Rabu 19 Mar 2014 17:19 WIB

Missing Malaysian jet most likely in southern Indian Ocean

A Chinese family member of a passenger onboard the missing Malaysia Airlines Flight MH370 screams as she is being brought into a room outside the media conference area at a hotel in Kuala Lumpur International Airport March 19, 2014.
Foto: Reuters/Edgar Su
A Chinese family member of a passenger onboard the missing Malaysia Airlines Flight MH370 screams as she is being brought into a room outside the media conference area at a hotel in Kuala Lumpur International Airport March 19, 2014.

REPUBLIKA.CO.ID, KUALA LUMPUR - Investigators probing the disappearance of a Malaysia Airlines jetliner with 239 people on board believed it most likely flew into the southern Indian Ocean, a source close to the investigation said on Wednesday.

"The working assumption is that it went south, and furthermore that it went to the southern end of that corridor," said the source, who spoke on condition of anonymity.

The view is based on the lack of any evidence from countries along the northern corridor that the plane entered their airspace, and the failure to find any trace of wreckage in searches in the upper part of the southern corridor.

No wreckage has been found from Flight MH370, which vanished from air traffic control screens off Malaysia's east coast at 1:21 am local time on March 8 (1721 GMT March 7), less than an hour after taking off from Kuala Lumpur bound for Beijing.

 

An unprecedented search for the Boeing 777-200ER is under way involving 26 nations in two vast search "corridors": one arcing north overland from Laos towards the Caspian Sea, the other curving south across the Indian Ocean from west of Indonesia's Sumatra island to west of Australia.

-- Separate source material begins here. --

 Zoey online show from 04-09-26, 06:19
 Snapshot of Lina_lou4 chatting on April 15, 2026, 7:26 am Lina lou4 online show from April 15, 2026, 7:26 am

China, which is leading the northern corridor search with Kazakhstan, said it had not yet found any sign of the aircraft crossing into its territory. Malaysian and US officials believe the aircraft was deliberately diverted perhaps thousands of miles off course, but an exhaustive background search of the passengers and crew aboard has not yielded anything that might explain why.

The minister in charge of the operation said the multinational search team was deploying the most sophisticated equipment available to find the plane.

"It probably is the largest peacetime armada of assets and satellite information-sharing that we have ever seen for a rescue and search operation," Malaysia's Acting Transport Minister Hishammuddin Hussein said.